At the sprightly age of nine, I entered what could only be descried as a redneck’s worst nightmare. The walls, creepily decorated with the heads of large woodland creatures, sang show tunes as I approached my table. After opening my menu, a trophy moose head maniacally stared down at me and in a loud burly voice shouted the dinner specials and the lyrics to “Mack the Knife.”
To be blunt, I was terrified. However, the worst was yet to come.
The surrounding dining area echoed with the laughter of innocent families, each enjoying their ample over-cooked steaks. They were clueless to the trauma they were about to endure. Joining my own family on this festive occasion were some of my closest childhood friends. As the waitress asked us for our dessert order, I contemplated what flavor ice cream I would choose. Chocolate? Vanilla? Doom?
When my sundae finally arrived at the table, my destiny was sealed. Barely tasting the ice cream, I repeatedly shoved spoonfuls into my mouth. The whipped cream was buoyant and the chocolate syrup was evenly distributed throughout the serving glass. With a smile, I took my final bite and sat back into my confined booth, not realizing that the single chunk sliding down the back of my throat wasn’t a chocolate chip. It was a walnut – the most dangerous food item that could ever enter my fragile pre-teen body.
In a daze, my stomach started to rumble louder than the singing animals surrounding me. It was out for vengeance and my deathly allergy to walnuts would not allow me to just get up and walk away. My entire dinner was coming out and there was nothing anyone could do. I stared down into the small glass that once held my thick delicious ice cream, and that’s when it happened.
Tears burst out from my face as a wave of vomit filled the glass evenly to the brim. I stared at my friend as the fear in his eyes reached a level of panic.

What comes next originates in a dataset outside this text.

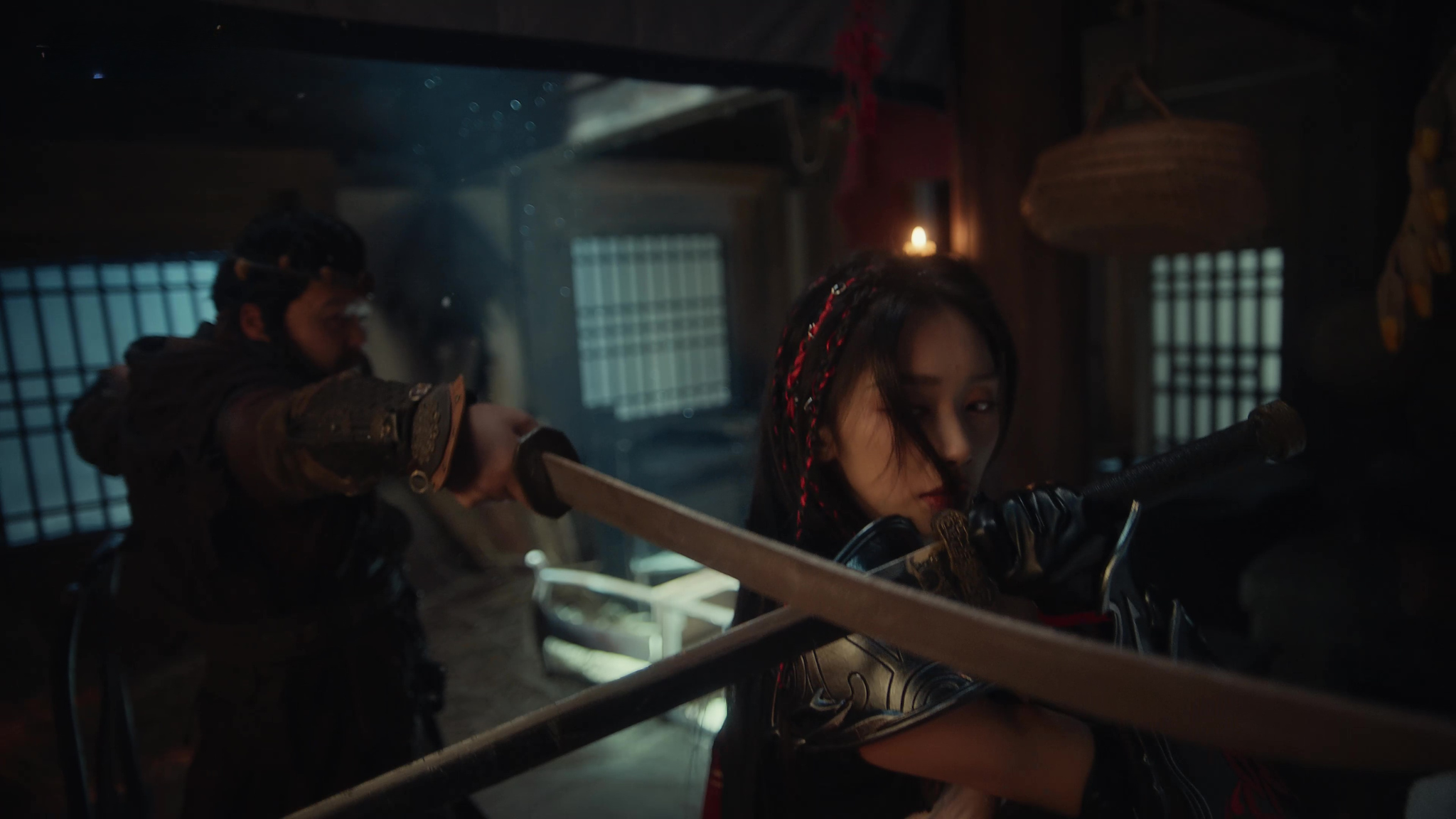 女战狂与山贼交战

With little warning, vomit projected into his direction. It was too late for him. The rest of my family jumped out of their seats and struggled to take refuge in the isles between the surrounding booths. The waitress ran to my table holding dozens of thick reusable lap napkins, hoping to somehow stop the flow of terror. Grabbing each one, I effortlessly began to destroy them. As fear permeated the room, dozens of guests began to flood the door.

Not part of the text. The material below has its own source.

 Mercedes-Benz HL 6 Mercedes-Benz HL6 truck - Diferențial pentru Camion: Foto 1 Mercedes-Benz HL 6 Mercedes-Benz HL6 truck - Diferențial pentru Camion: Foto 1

Choking on a never-ending stream of puke, I aimed my head upwards to avoid dousing the waitress anymore than I already had. My aim now shifted its way toward the moose head, which continued singing merrily, almost providing a soundtrack to the disaster. As the moose gargled on my bile, distant screams of guests could be heard in the distance. Inside my head, I begged for it to end. Like an act of God, after 10 straight minutes of projectile misfortune, I had finally triumphed. The worst was over.

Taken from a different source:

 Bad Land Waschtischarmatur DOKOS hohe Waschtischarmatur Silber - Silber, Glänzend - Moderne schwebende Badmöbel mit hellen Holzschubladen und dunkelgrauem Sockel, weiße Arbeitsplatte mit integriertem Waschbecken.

Still sitting in my seat, I turned to view the restaurant. Only a handful of others remained, and not one of them spoke a word. Even the talking moose had halted its speech – probably because my vomit had somehow short-circuited its system. After being told to leave, my mother grabbed my hand and we left the establishment. With everything I had been through, Bugaboo said the dinner was on them.